Two philosophers stood ankle-deep at a beach, disputing & discerning. They were on the verge of a great synthesis when an unexpected wave knocked them over, dragging them across the bottom, filling their mouths with foam and tossing them back up on the sand.

When they were done coughing, they found they had forgotten their realization.

I want to see a Youtube video consisting of footage from A Man For All Seasons in which Sir Thomas More faces down his prosecutors, set to the tune of Harper Valley PTA.

We only get so much time in this world, and I’ve got other projects to use it on. But I would love to see it.

In the same vein, I want to see a fanvid for REM’s “Driver 8,” consisting of clip after clip of horrific rail accidents from Thomas the Tank Engine.

(Followup: Oh wow, somebody (sort of) did that one! But not with the rail accidents. I don’t know why they left that out. It’s the best part of Thomas the Tank Engine)

 

Last night we went to the museum. I got separated from my wife & kids and wandered into a room containing a massive scale-model diorama of Hong Kong and the entire Pearl River Delta. I could see tiny cars crossing the bridges, and see crowds around the bases of the skyscrapers.

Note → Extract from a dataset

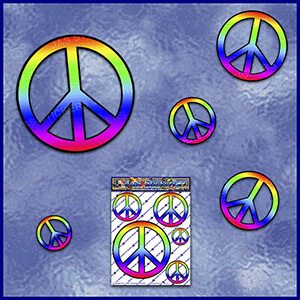 ST022-T1-TN-jas-peace-sign-pack-hippy-rainbow-colours-JAS-Stickers-C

A voice came over a PA. This exhibit was on the earthquake threat to the region. Sluices in the walls opened; water began to pour into the room. The diorama started to to shake.

I saw the bridges break, imagined the hundreds of cars falling into the sea. The streets began to flood, the skyscrapers to crumble. The PA explained that in the event of such an earthquake, the region would subside. I watched Hong Kong and Shenzhen, with their millions, sink beneath the rising water, until it was just me, standing waist-deep, with nothing else visible above the surface.

Drains opened. The water poured away and the diorama rose again for the next demonstration.

When I caught up with my family, my 6-yr-old asked “What did you see, Daddy?” I didn’t tell her. I didn’t want to scare her.

Then I woke up.

In my youth, I was promised a future in which Japan would take over the world.

In its stead, I received a future in which Japan is dying.

That’s OK. The Japan that would have taken over the world was not that Japan that I wished would have. It’s better this way.